2025 ASEE Annual Conference & Exposition

Electromagnetics is a conceptually abstract and mathematically rigorous subject that often presents challenges for students to fully grasp its practical relevance and applications. Traditional lecture-based methods can struggle to engage students and adequately address these difficulties. This paper presents an innovative approach to teaching electromagnetics by combining active learning strategies with hands-on experimentation, aimed at enhancing student engagement, comprehension, and preparation for modern engineering challenges.
At the heart of this approach is the integration of low-cost, practical experiments that help bridge the gap between abstract theory and tangible real-world applications. These hands-on projects allow students to engage with realistic electromagnetic problems, deepening their understanding of key concepts. Working collaboratively on these experiments, students develop essential teamwork and communication skills, which are critical in professional engineering environments. This practical experience also helps students gain confidence in tackling complex design tasks, promoting creativity and problem-solving.
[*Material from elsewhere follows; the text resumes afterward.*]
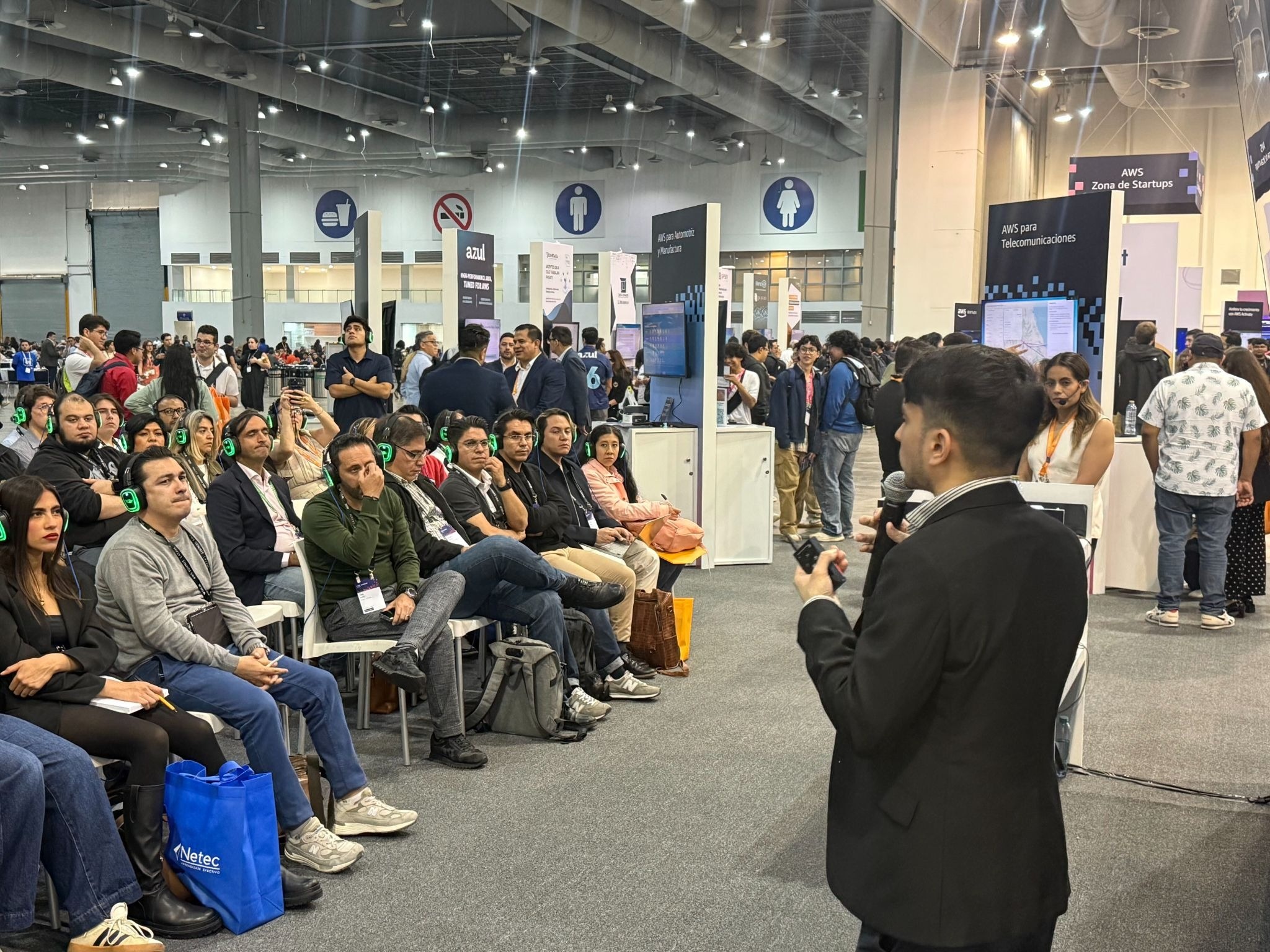 Speaker addressing seated attendees at an AWS Summit Mexico industry presentation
In addition to hands-on experimentation, technology plays a crucial role in this educational framework. The curriculum integrates simulations, collaborative online platforms, and project-based learning environments. Simulations enable students to model electromagnetic phenomena and manipulate variables, providing them with an interactive way to explore theoretical concepts. Tools such as Google Drive and other collaborative software platforms facilitate seamless sharing of designs, calculations, and reports, allowing for effective collaboration and feedback. The use of breakout rooms in online or hybrid settings further supports group-based project work, encouraging students to share ideas and solutions in a dynamic learning environment. These tools prepare students for a modern engineering workplace that increasingly relies on digital collaboration and problem-solving.
Moreover, this approach employs active learning techniques, such as flipped classroom models, where students complete preparatory work—readings and videos—before attending class. This structure allows valuable class time to be dedicated to interactive problem-solving, discussions, and deepening comprehension of difficult concepts. Pre-class conceptual questions also help assess student readiness and understanding, offering instructors continuous feedback on student progress.
The use of realistic but mathematically approachable electromagnetic problems ensures that students can engage deeply with the material without becoming overwhelmed by complexity. Early assessments based on surveys, student feedback, and performance metrics indicate improved engagement, conceptual understanding, and enhanced teamwork within the student cohort.